Surely this isn’t really that hard, any old PC, add a tuner card, hook it up to your TV and you completely replace the need for TiVo right? With a little planning and the right pieces, absolutely; anyone can do it. Before we go through the specific things you need, you should consider exactly what you want to record.

* Broadcast Overview *
*Analog, Digital (premium channels), SD, or HD:*

*CableTV* – Generally systems include analog (NTSC – same as used to be broadcast over the air) from 2-60 (ish) including local channels, must carrys like city public service channels, and what the cable company deems “basic cable” – scifi, discovery etc. Premium channels, encrypted and transmitted on the cable using Quadrature Amplitude Modulation (QAM) require a set top box of some kind to receive. Those digital channels are stacked, sometimes 10 deep, in each of the “old” analog slots. The system allows cable operators to put a lot more channels in the same bandwidth so they can better compete with satellite. Cable companies are also required to carry local HD stations and they normally do that using un-encrypted “clear QAM” so any TV with a QAM tuner can receive them.










Some cable companies have begun to go “all digital” – in which case there are no NTSC analog channels at all and everything requires either a clear QAM receiver or a mini Set Top Box. The simplest way to see is to plug the cable right into your TV, tell your TV to tune cable stations (as opposed to air), and see if there are channels on 7, 8, 9, 10. 

One other thing to keep in mind is that set top boxes do not give you real information on what you are watching. If you are watching channel 9 through a set top box, it is most likely not tuning to NTSC channel 9 even if you do have analog basic cable in your system. Nearly all channels have a digital “version” broadcast at a much higher frequency and the set top box basically says – you didn’t really want to watch that old analog channel, did you? I’ll just give you the better digital version instead.

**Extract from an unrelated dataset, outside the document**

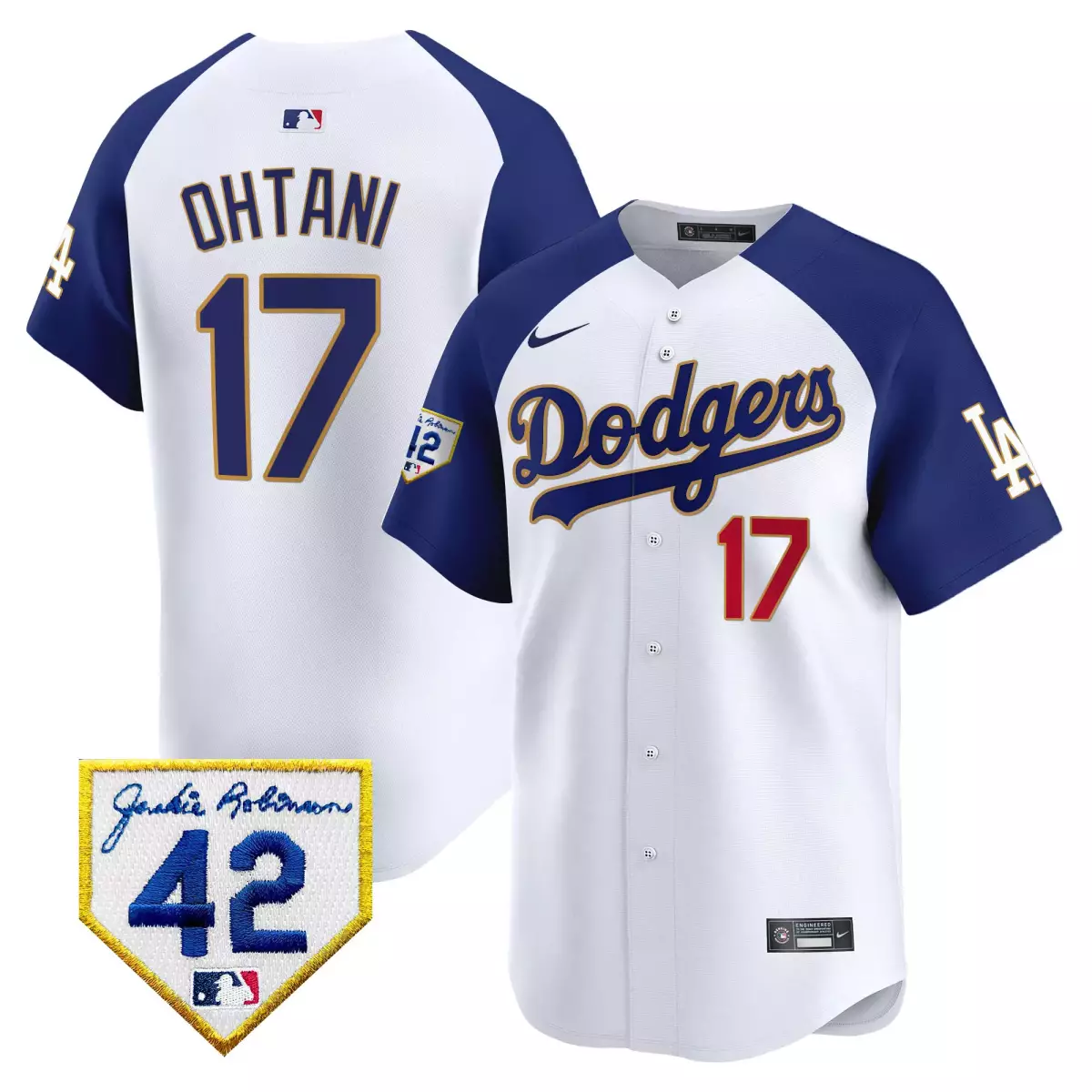 los angeles dodgers 17 shohei ohtani white jersey 2024 jackie robinson patch vapor premier limited all stitched 9im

*Premium channels *– basically anything the cable company wants you to pay extra for (sci-fi, military channel, hbo). These are all transmitted using the same QAM modulation but they are encrypted. Much like a wireless lan WPA key, the cable box they give you and their head end share a digital key and they can tell the cable box to decode some channels but not others.

*HD channels* on the cable system are transmitted using the same QAM, just using more bandwidth than just a “digital channel”. The only issue is that where these channels are located is up to the cable company. That means they do tend to change from time to time and are sometimes not well documented. That can cause trouble with electronic program guides being able to interpret your desire to record CSI into a tuner command to go to a particular channel number. 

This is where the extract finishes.